**WORK TASK**.
Could you print the listing again exactly, omitting the pictures?

**RECORDS FOR THE TASK**.
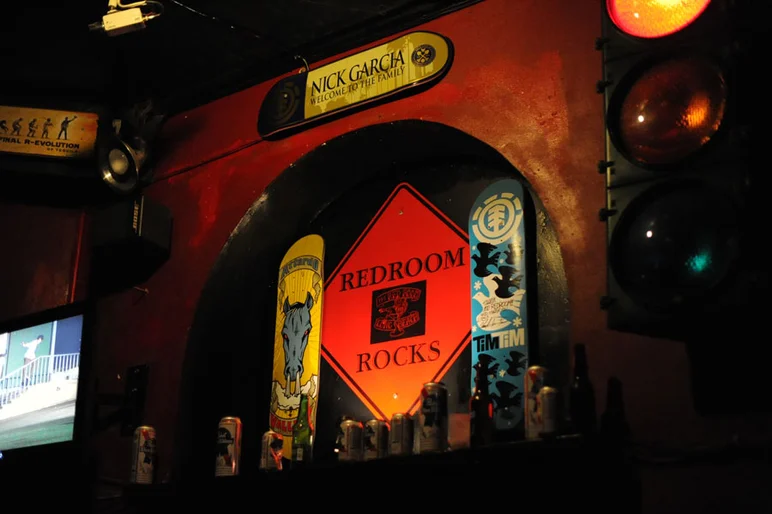 Your classic California skateboard watering hole.<!-- A California Work and Play Day -->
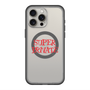 スリムプロテクションプレミアムケース with MagSafe［ SUPER PRIVATE - ロゴ - Metal ］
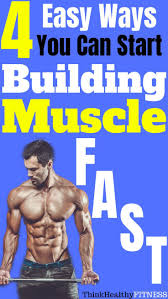 This minimal amount of home gym equipment gives you everything you need for a massive gain of strength and muscle. How To Build Muscle Fast In 4 Easy Steps Build Muscle Fast How To Get Abs Build Muscle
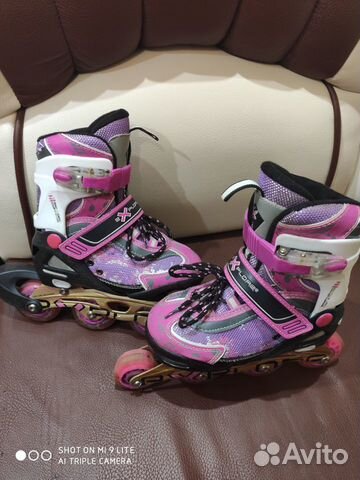 Роликовые коньки (раздвижные) р.30-33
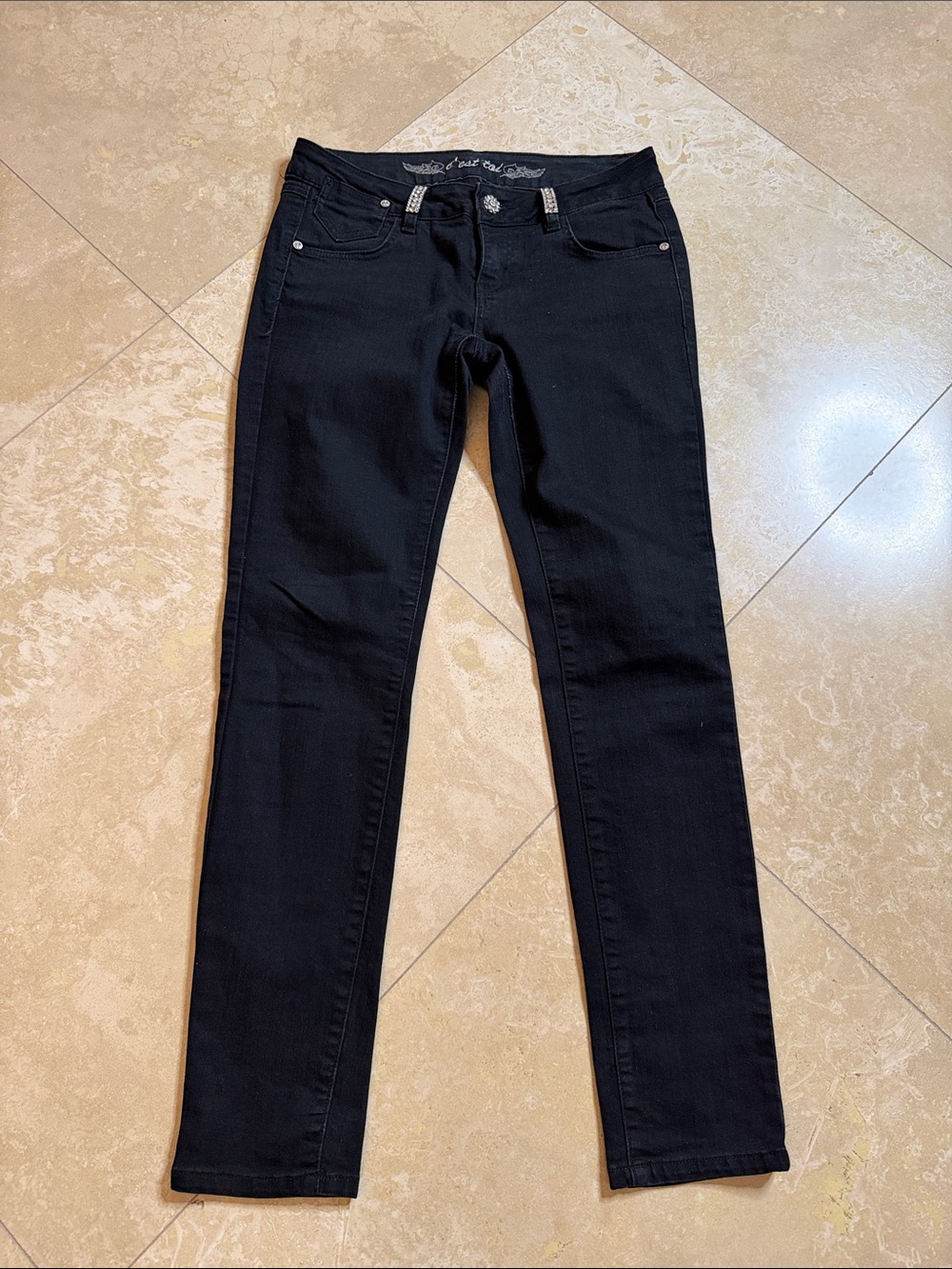 💕Black Women's Slim Straight Jeans💕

**ANSWER SPACE**.
 Your classic California skateboard watering hole.<!-- A California Work and Play Day -->
 スリムプロテクションプレミアムケース with MagSafe［ SUPER PRIVATE - ロゴ - Metal ］
 This minimal amount of home gym equipment gives you everything you need for a massive gain of strength and muscle. How To Build Muscle Fast In 4 Easy Steps Build Muscle Fast How To Get Abs Build Muscle
 Роликовые коньки (раздвижные) р.30-33
 💕Black Women's Slim Straight Jeans💕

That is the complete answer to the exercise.